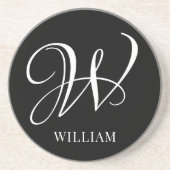 Initial Personalisiert Elegant Black Monogram Getränkeuntersetzer (Vorne)
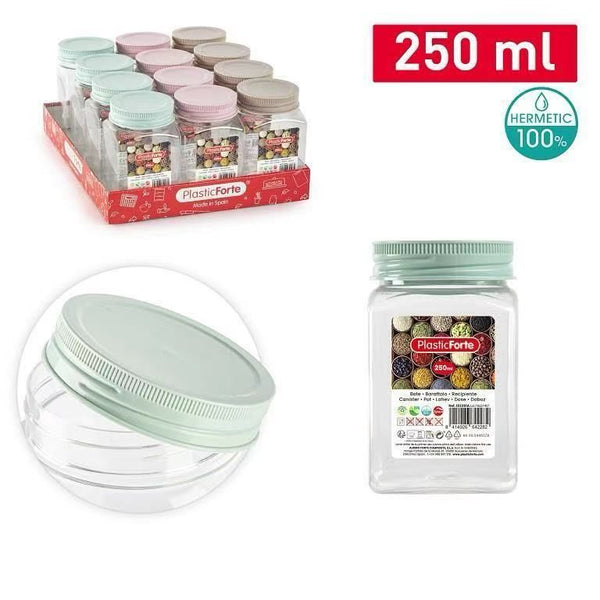 BARATTOLO 250ML QUADRATO PLASTICA 6X6X10CM
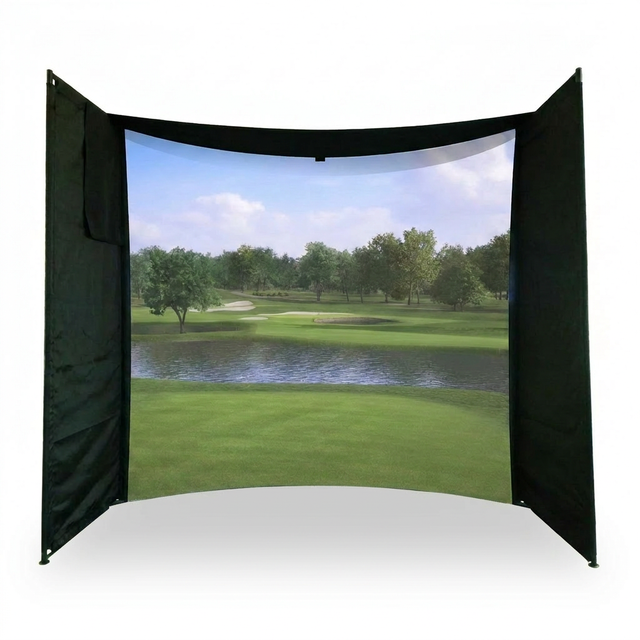 DIY Golf Simulator Impact Screen Frame Enclosure Kit Set, Use with Simulators, Durable Fabric with Velcro, Reinforced Black Border, 9.8'X9.8'X4.9' — Studio Shot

**Problem details:** Return the material as it stands. Leave out the pictures.

**Expected answer:**
 Initial Personalisiert Elegant Black Monogram Getränkeuntersetzer (Vorne)
 BARATTOLO 250ML QUADRATO PLASTICA 6X6X10CM
 DIY Golf Simulator Impact Screen Frame Enclosure Kit Set, Use with Simulators, Durable Fabric with Velcro, Reinforced Black Border, 9.8'X9.8'X4.9' — Studio Shot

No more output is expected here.